Trinity 4


O God, the protector of all who trust in you, without whom nothing is strong, nothing is holy: increase and multiply upon us your mercy; that with you as our ruler and guide we may so pass through things temporal that we lose not our hold on things eternal; grant this, heavenly Father, for our Lord Jesus Christ’s sake, who is alive and reigns with you, in the unity of the Holy Spirit, one God, now and for ever.


Gracious Father, by the obedience of Jesus you brought salvation to our wayward world: draw us into harmony with your will, that we may find all things restored in him, our Saviour Jesus Christ.

Post Communion

Eternal God, comfort of the afflicted and healer of the broken, you have fed us at the table of life and hope: teach us the ways of gentleness and peace, that all the world may acknowledge the kingdom of your Son Jesus Christ our Lord.


Old Testament

 This is what he showed me: the Lord was standing beside a wall built with a plumb-line, with a plumb-line in his hand. And the Lord said to me, ‘Amos, what do you see?’ And I said, ‘A plumb-line.’ Then the Lord said,

‘See, I am setting a plumb-line
in the midst of my people Israel;
I will never again pass them by;

the high places of Isaac shall be made desolate,
and the sanctuaries of Israel shall be laid waste,
and I will rise against the house of Jeroboam with the sword.’

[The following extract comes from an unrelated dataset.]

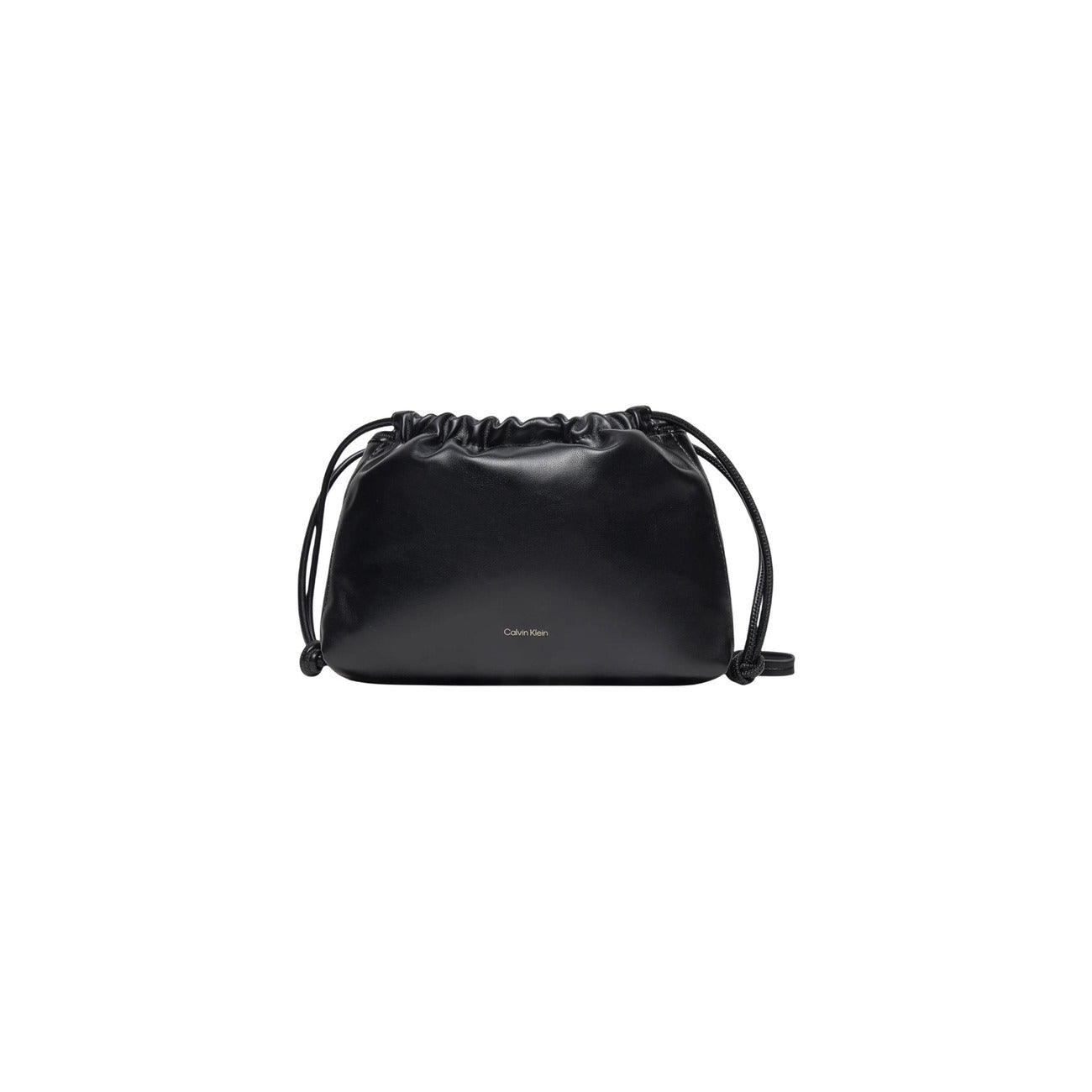 Calvin Klein  Women Bag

Then Amaziah, the priest of Bethel, sent to King Jeroboam of Israel, saying, ‘Amos has conspired against you in the very centre of the house of Israel; the land is not able to bear all his words. For thus Amos has said,

    “Jeroboam shall die by the sword,
and Israel must go into exile
away from his land.” ’

And Amaziah said to Amos, ‘O seer, go, flee away to the land of Judah, earn your bread there, and prophesy there; but never again prophesy at Bethel, for it is the king’s sanctuary, and it is a temple of the kingdom.’

Then Amos answered Amaziah, ‘I am no prophet, nor a prophet’s son; but I am a herdsman, and a dresser of sycamore trees, and the Lord took me from following the flock, and the Lord said to me, “Go, prophesy to my people Israel.”

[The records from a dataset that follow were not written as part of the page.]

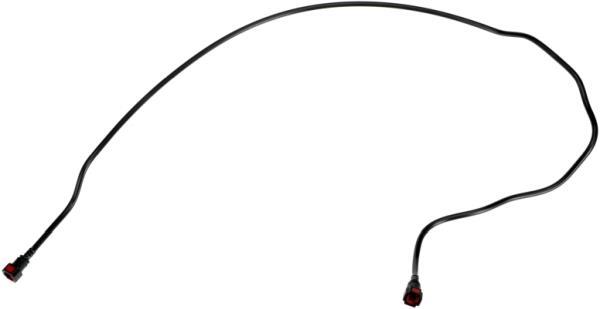 Butée hydraulique I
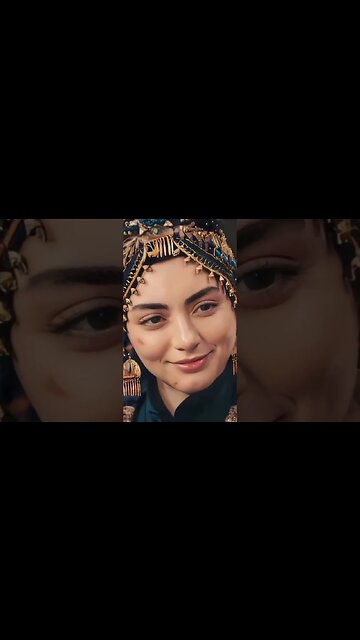 Bala haton Cuteness overloaded #youtubeshorts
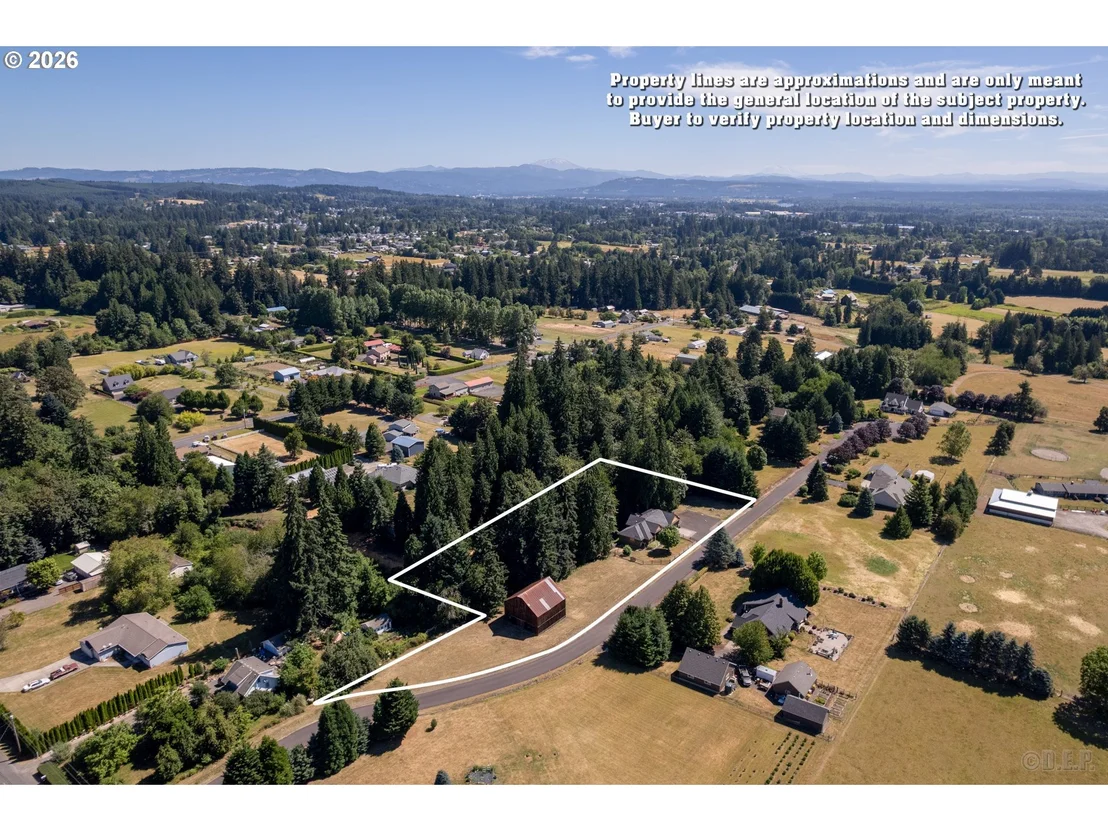 Photo of 34143 EDNA LN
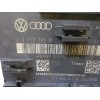 Recambio de modulo electronico para audi q5 (8r) 3.0 tdi referencia OEM IAM 8K0959795C 4F0959795M 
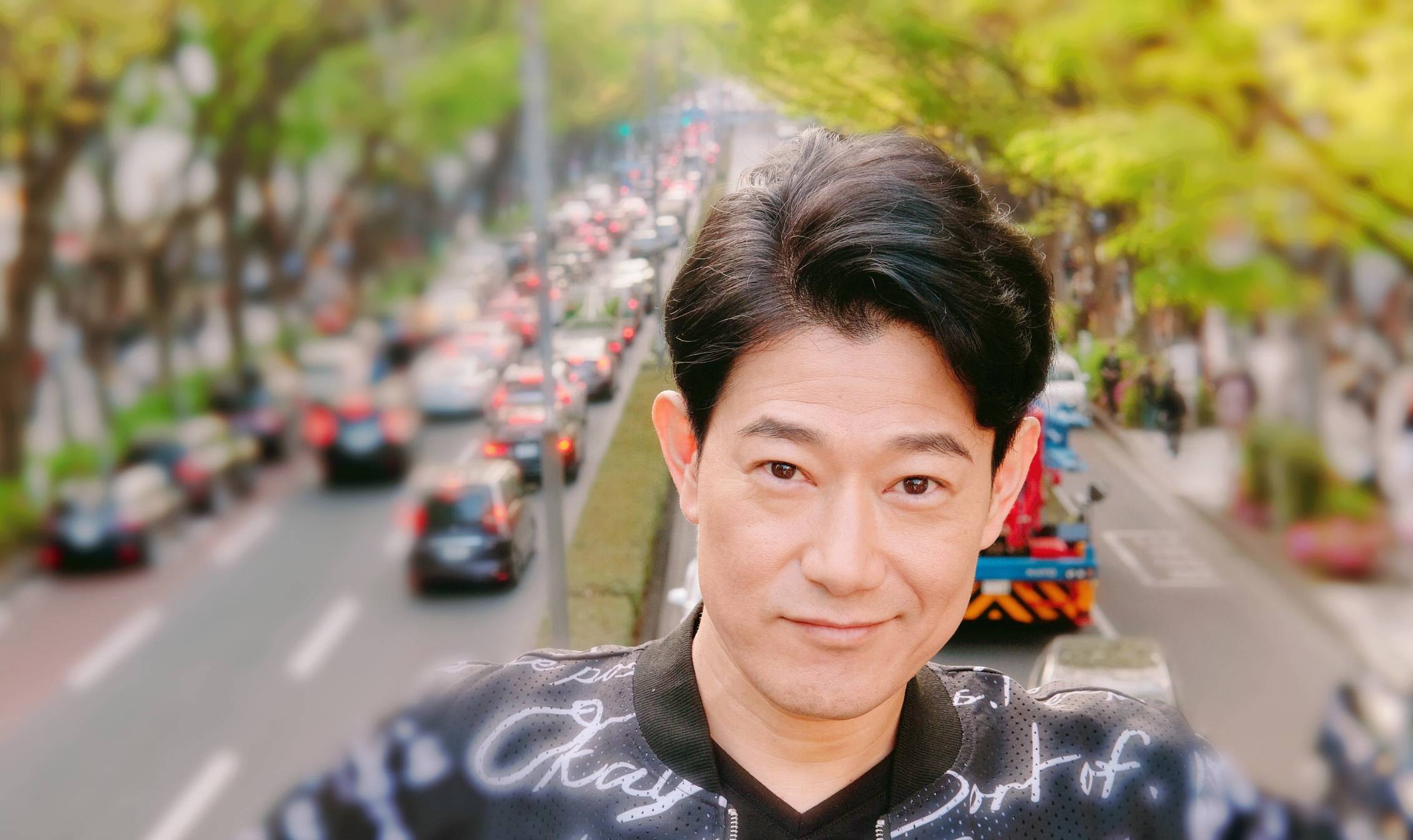 日本三线免费视频观看被讨厌的人吻日本三线免费视频观看的探索与体验-第2张图片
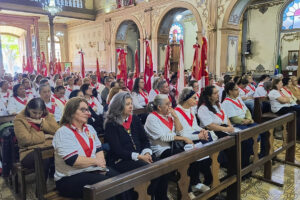 peregrinação_Santuariao_Ap_Oração (2)a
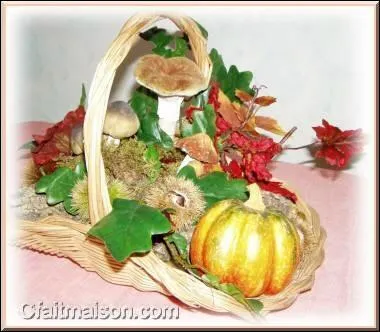 "Frac". Pour troquer votre "frac" contre un habit de moine, il faut changer une lettre. Laquelle ?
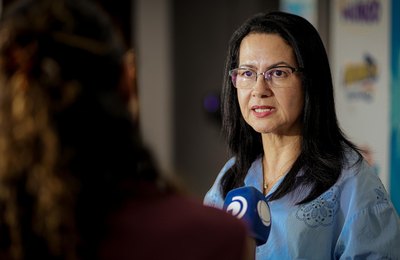 Estado rebate denúncias sobre fechamento do Cepa e garante revitalização total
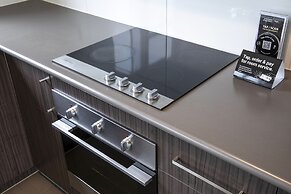 Doncaster Apartments by Nightcap Plus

    ‘Now therefore hear the word of the Lord.
You say, “Do not prophesy against Israel,
and do not preach against the house of Isaac.”

Therefore, thus says the Lord:

    “Your wife shall become a prostitute in the city,
and your sons and your daughters shall fall by the sword,
and your land shall be parcelled out by line;
you yourself shall die in an unclean land,
and Israel shall surely go into exile away from its land.” ’

Amos 7.7–17


1    God has taken his stand in the council of heaven;
in the midst of the gods he gives judgement:

2    ‘How long will you judge unjustly
and show such favour to the wicked?

3    ‘You were to judge the weak and the orphan;
defend the right of the humble and needy;

4    ‘Rescue the weak and the poor;
deliver them from the hand of the wicked.

5    ‘They have no knowledge or wisdom; they walk on still in darkness:
all the foundations of the earth are shaken.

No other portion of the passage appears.